Our test subject manager here had become famous for using this line or a derivative of it. It creates nothing more than an office of automatons going through their day as zombies. It stifles creativity and camaraderie. And it often leaves employees wondering what they’re not being told about their job status, company status, and what their future might hold. They have no leadership, allowing panic and despondency to set in. Let’s set the obvious bar here that employees at every level do not need to know every facet of company business. That would only create chaos and sow more discord. But the reason you hire good talented people is for their creativity, their ideas, their imagination that will make them better at their craft and in turn make your company more profitable. Shutting down that creative flow is ego maniacal and detrimental to the growth of the workers and the company. The varying derivatives of this, including one I heard in conversation from the manager telling an employee, “Well, if you want to know how to help this company grow, just go read our website and what we’re posting there because that will tell you everything you need to know”, are just as insulting and detrimental. People then are left to understand their ideas have no value, their skills are not appreciated, and they have no future for themselves and their families working in such an atmosphere. Get to that point and you may as well close the doors and sell the land for a cemetery.

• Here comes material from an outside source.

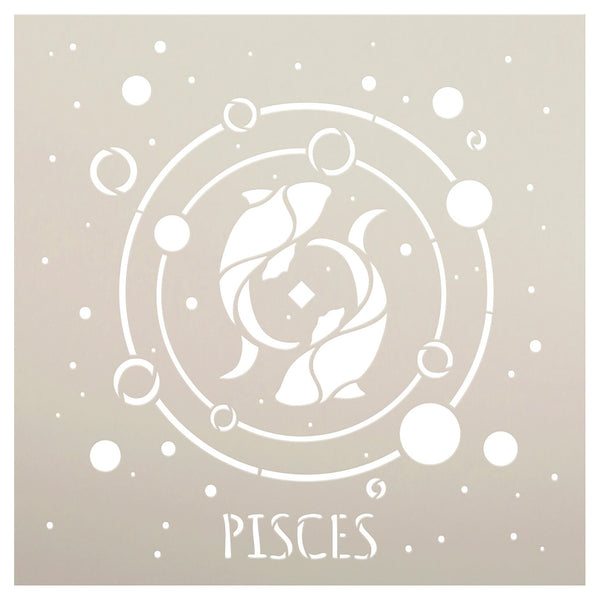Pisces Astrological Stencil by StudioR12 | DIY Star Sign Zodiac Bedroom & Home Decor | Craft & Paint Celestial Wood Signs | STCL5141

  • Constantly foster ideas from every worker at every level, encouraging them to utilize their skills at making themselves better first, and the company second. Lead, and teach them to lead.

5. Don’t keep the door closed.

Once more with feeling for our over-matched individual so poorly prepared for leadership and not desiring to change. During my time at the firm and in subsequent interview, I watched and was told how this individual always went into his office and shut the door. Granted, we all need alone time and when you are in charge, there are phone calls, conference calls and meetings that need to be held in private. But when the door is always closed, it sends a message to the workers. It shuts off communication, creating a barrier wall between manager and employee, and it in effect is telling everyone “LEAVE ME ALONE”. Managers, more than anyone, need to have interaction with employees. They need to be out there constantly overseeing, teaching, and learning themselves about the people and what they bring to the effort. We’re not talking about inviting everyone out for dinner and a movie, rather sending a subtle message about being approachable and professional. People can and will learn to knock on the window or the door frame before entering. People can understand not to interrupt when there’s a phone or personal conversation. And they don’t need to be treated like minor parts in the machine that are being sent subtle messages about the possibility of being replaced in a moments notice. Perception is a powerful thing, and when people seeking to be part of something perceive they are being told they are just bodies on the other side of the door, there is no reason to think they will want to keep their bodies in a place that would prefer to ignore them than lead them.

  • Leadership means being out in front at all times, being accessible when the call comes for assistance, and being there to assist and teach before being asked.

It’s not that hard. All it takes is the desire to lead by example. Management ensures the right person is leading and has all the tools necessary to do the job. And that person understands they are more than anointed. They are there for very important reasons.

Reasons that reverberate into both professional and personal lives.